Problem to solve. Copy from the first line below down to and including the line with "長洲(千葉市中央区)の収益物件価格推移グラフ(坪単価)[2007-2023年]". Skip the pictures.

Records shown.
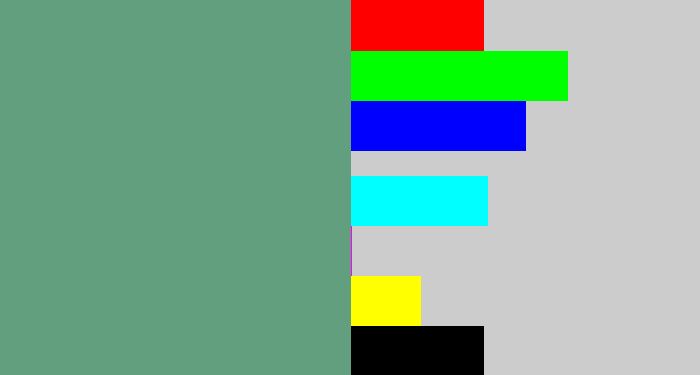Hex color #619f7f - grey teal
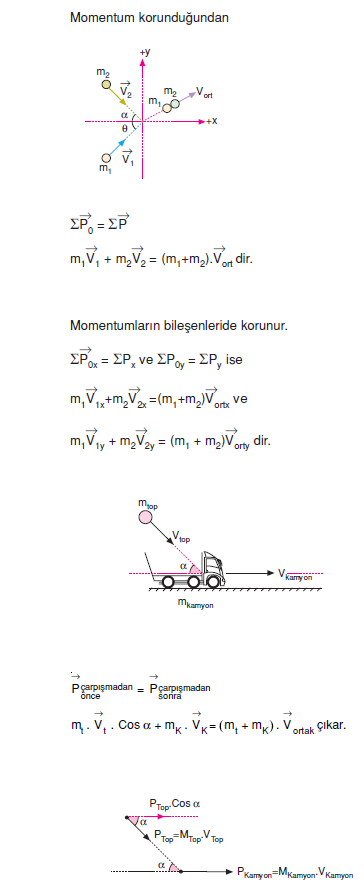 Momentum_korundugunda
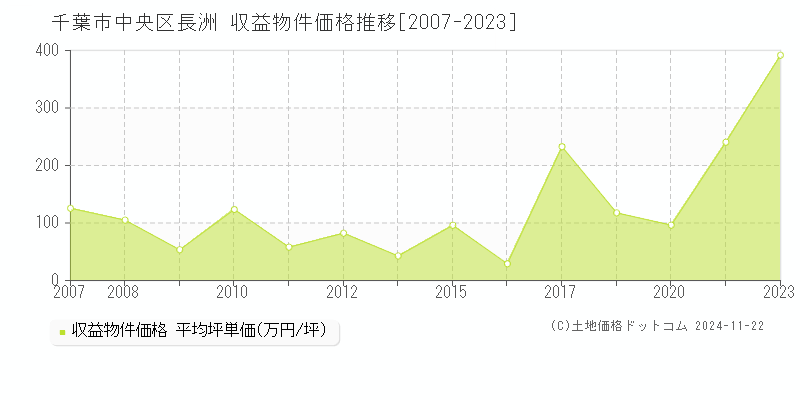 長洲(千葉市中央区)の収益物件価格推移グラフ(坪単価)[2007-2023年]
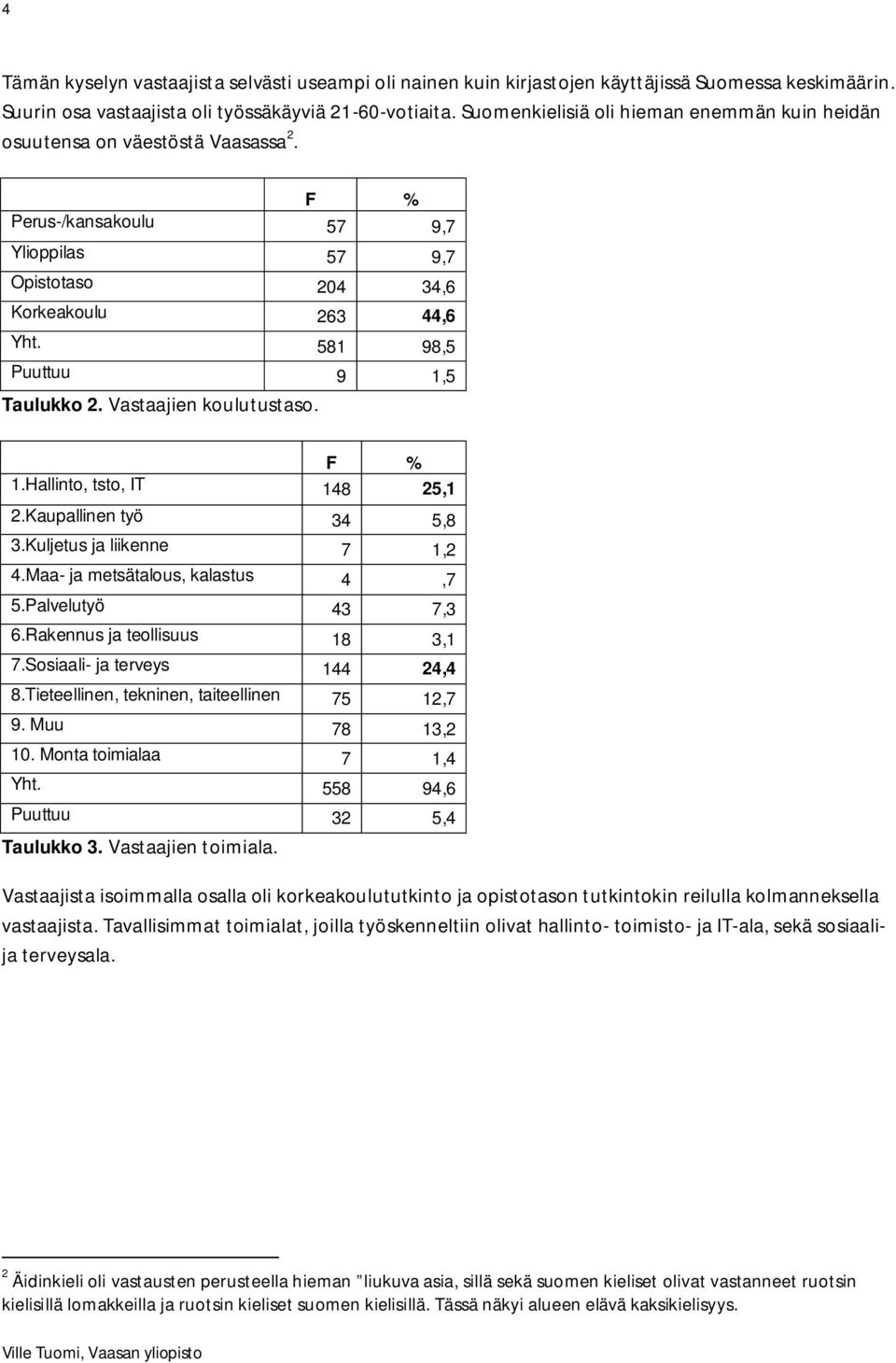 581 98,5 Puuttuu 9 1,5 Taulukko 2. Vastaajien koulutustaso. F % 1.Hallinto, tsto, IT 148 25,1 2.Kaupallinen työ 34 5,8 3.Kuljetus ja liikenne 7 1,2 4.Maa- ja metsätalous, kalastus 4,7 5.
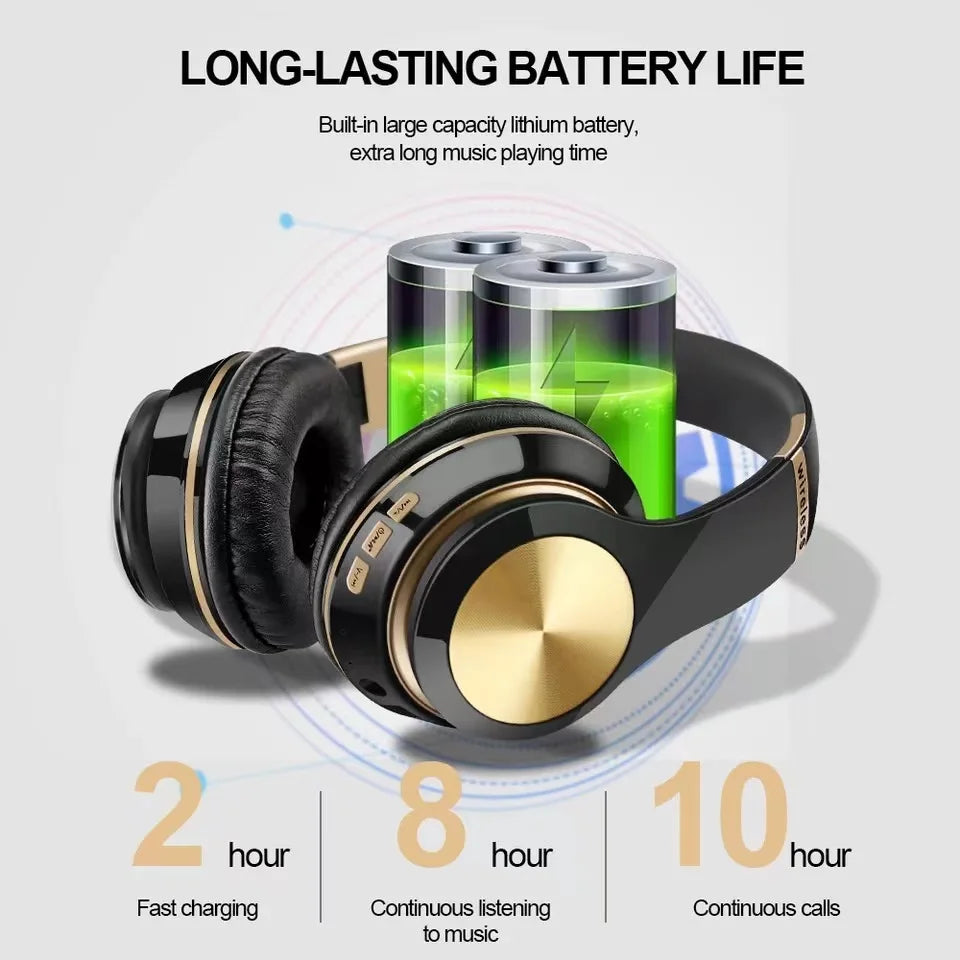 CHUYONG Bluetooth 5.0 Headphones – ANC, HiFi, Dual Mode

Task solution.
Hex color #619f7f - grey teal
 Momentum_korundugunda
 長洲(千葉市中央区)の収益物件価格推移グラフ(坪単価)[2007-2023年]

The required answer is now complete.